We are souls with a body; not the
other way around, says Christian apologist J.P Moreland in his YouTube
interview about Neuroscience and the Soul.1
If you are a thinking Christian, it
is essential to understand the conflict between science and religion with
respect to the existence of the soul and the findings of modern science.
Why?
If
neuroscience proves that soul does not exist, then it’s quite possible that Historic
Christianity would be on shaky ground. The assault on the existence of the soul
is both from outside Christianity and from within.

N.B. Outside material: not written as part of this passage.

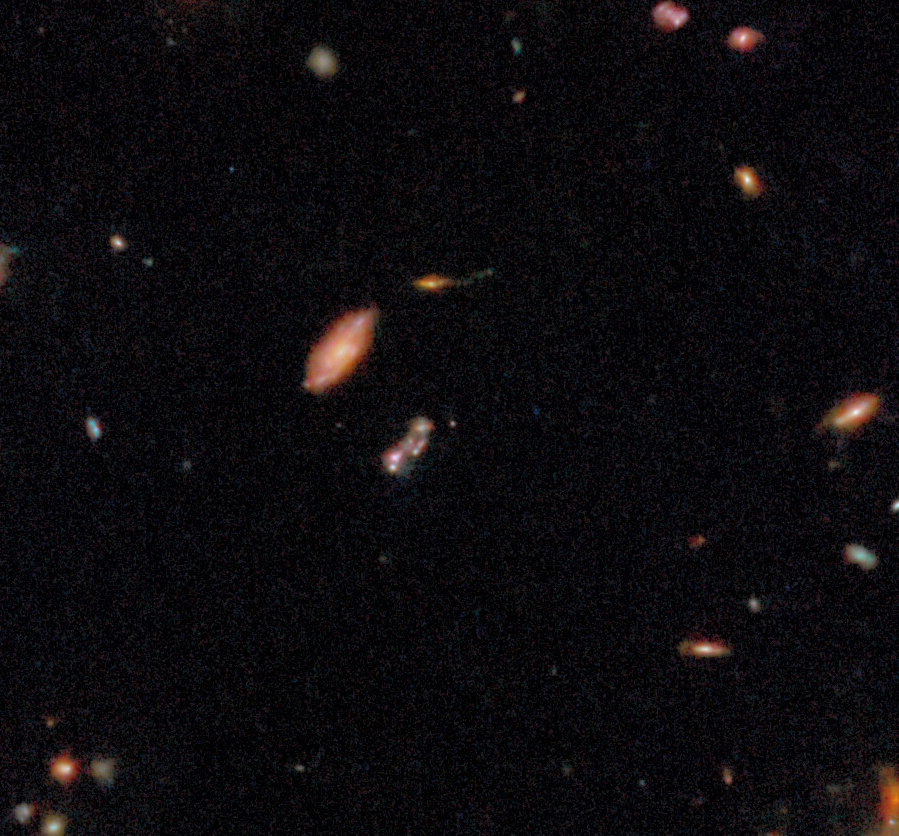 A view of deep space showing numerous distant galaxies of various shapes and sizes against a black background.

In the year 2009, cognitive
neuroscientist Martha J. Farah and Nancey Murphy, a Professor of Christian
Philosophy at Fuller Theological Seminary published their letter entitled Neuroscience and the Soul in the journal
Science (Vol. 323. no. 5918, p. 1168).
The crux of their letter is to emphasize that neuroscience is slowly yet surely
advancing in disputing the existence of the soul. Here’s their letter:2
Neuroscience and the Soul
Science and
religion have had a long relationship, by turns collegial and adversarial. In
the 17th century Galileo ran afoul of the Church's geocentrism, and in the 19th
century Darwin challenged the biblical account of creation. The breaches that
open at such times often close again, as religions determine that the doctrine
in question is not an essential part of faith. This is precisely what happened
with geocentrism and, outside of certain American fundamentalist Christian
sects, evolution.
A new
challenge to the science-religion relationship is currently at hand. We hope
that, with careful consideration by scientists and theologians, it will not
become the latest front in what some have called the "culture war"
between science and religion. The challenge comes from neuroscience and
concerns our understanding of human nature.
Most religions
endorse the idea of a soul (or spirit) that is distinct from the physical body.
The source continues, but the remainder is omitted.